• **Task requirements**
Among the lines below, copy exactly those from the one with "Audi Q3 photo 52" through the one with "Tsai Jui-hsueh Instagram", counting both ends.

[[ Material supplied, beginning ]]

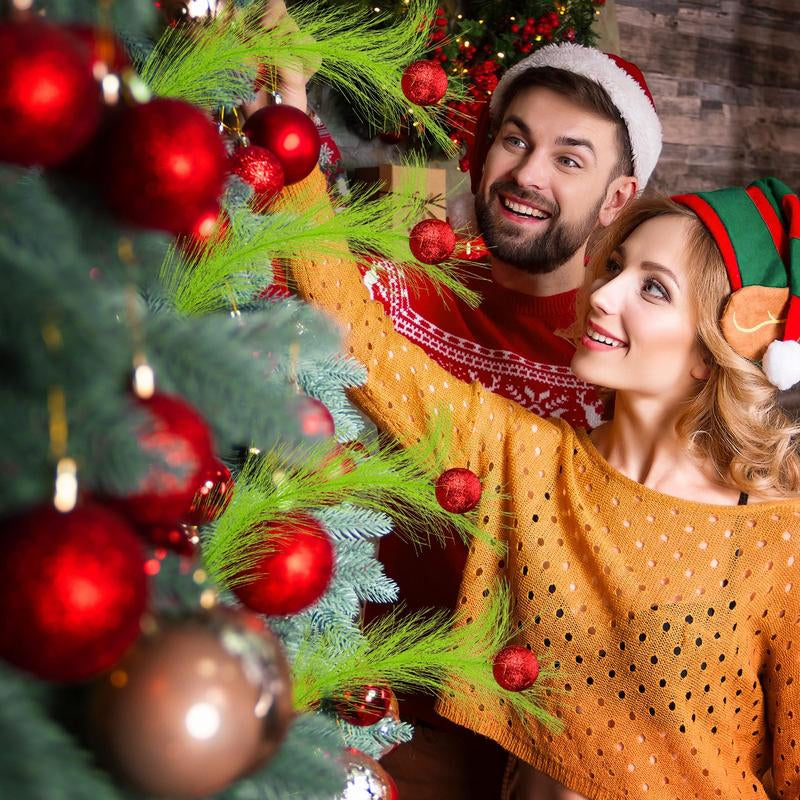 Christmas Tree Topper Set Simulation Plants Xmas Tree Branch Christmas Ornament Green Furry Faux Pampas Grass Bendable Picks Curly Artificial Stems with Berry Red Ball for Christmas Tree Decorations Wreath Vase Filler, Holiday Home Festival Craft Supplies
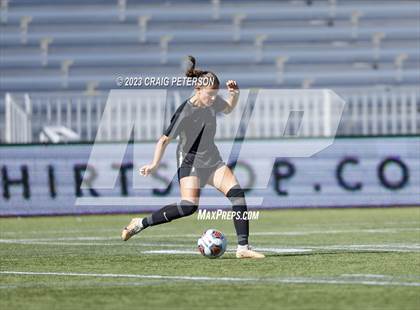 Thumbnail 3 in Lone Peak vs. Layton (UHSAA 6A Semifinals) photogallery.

[[ Material supplied, end ]]
[[ Material supplied, beginning ]]

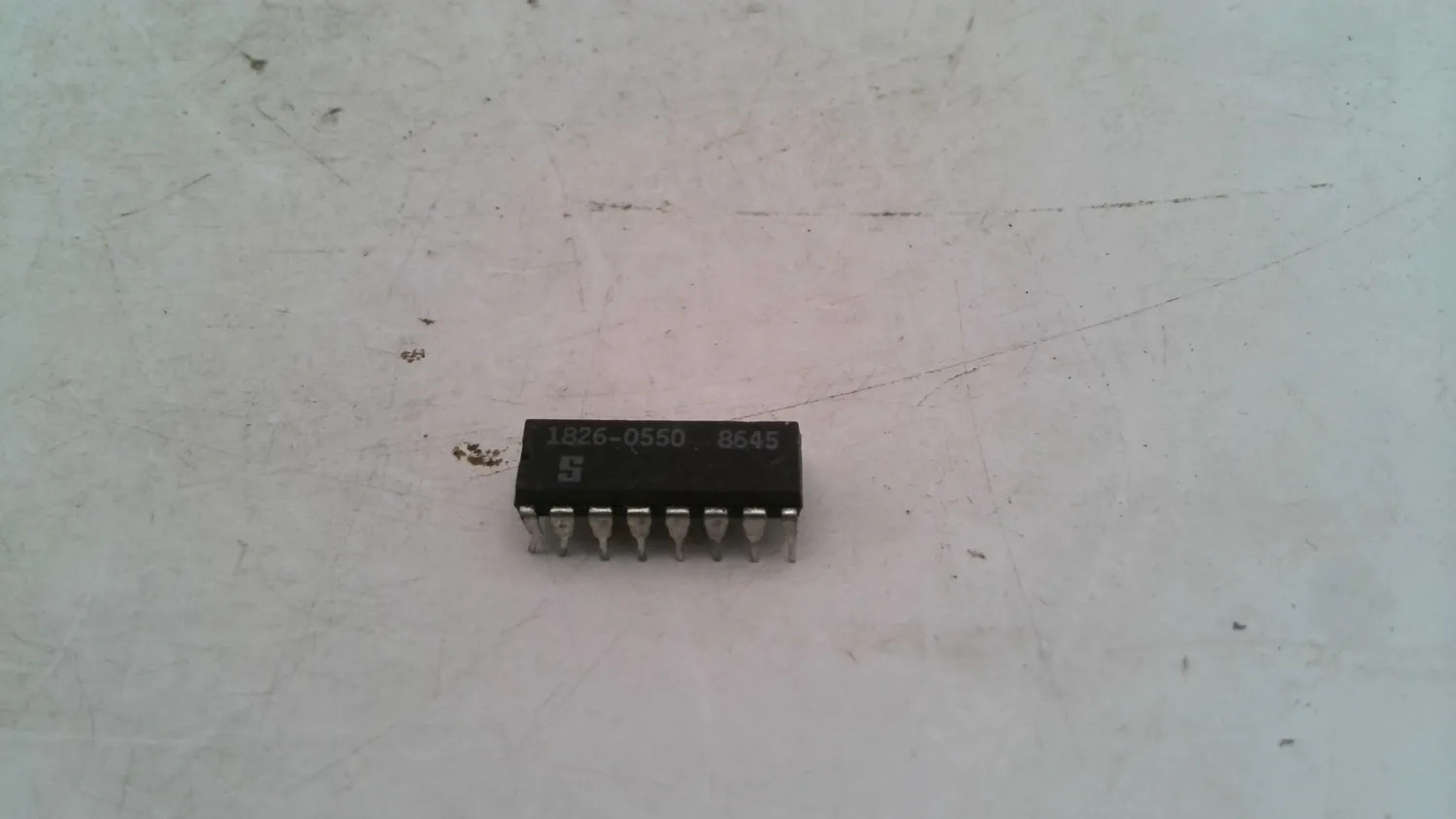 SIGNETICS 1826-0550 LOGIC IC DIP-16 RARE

[[ Material supplied, end ]]
[[ Material supplied, beginning ]]

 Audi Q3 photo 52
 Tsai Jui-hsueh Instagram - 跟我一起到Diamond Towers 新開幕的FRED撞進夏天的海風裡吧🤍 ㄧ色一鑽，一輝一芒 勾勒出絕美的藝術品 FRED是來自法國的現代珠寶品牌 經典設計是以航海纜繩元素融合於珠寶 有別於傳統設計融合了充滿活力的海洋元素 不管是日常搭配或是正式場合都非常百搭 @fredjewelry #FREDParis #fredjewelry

[[ Material supplied, end ]]

• **Response area**
 Audi Q3 photo 52
 Tsai Jui-hsueh Instagram - 跟我一起到Diamond Towers 新開幕的FRED撞進夏天的海風裡吧🤍 ㄧ色一鑽，一輝一芒 勾勒出絕美的藝術品 FRED是來自法國的現代珠寶品牌 經典設計是以航海纜繩元素融合於珠寶 有別於傳統設計融合了充滿活力的海洋元素 不管是日常搭配或是正式場合都非常百搭 @fredjewelry #FREDParis #fredjewelry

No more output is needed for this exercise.